_Problem description_:
Retype, exactly and with both ends included, the lines below from the one containing "Fotos del hotel - Voco Milan Fiere" through the end; omit the pictures.

Records contained in a dataset
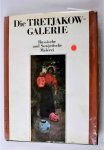 onbekend - Die Tretjakow-Galerie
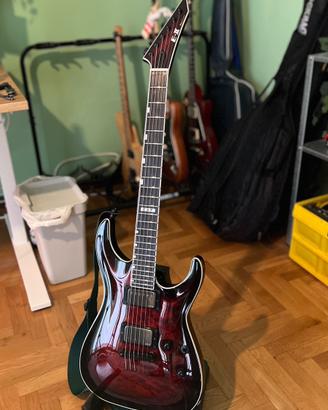 Esp e II horizon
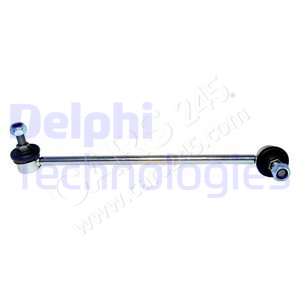 Link/Coupling Rod, stabiliser bar DELPHI TC1569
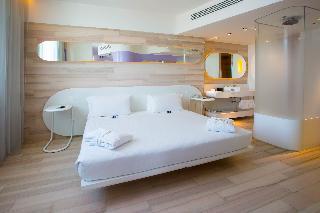 Fotos del hotel - Voco Milan Fiere
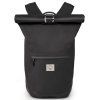 10020570OSP ARCANE ROLL TOP WP 18, stonewash black 2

_Output of the exercise_:
 Fotos del hotel - Voco Milan Fiere
 10020570OSP ARCANE ROLL TOP WP 18, stonewash black 2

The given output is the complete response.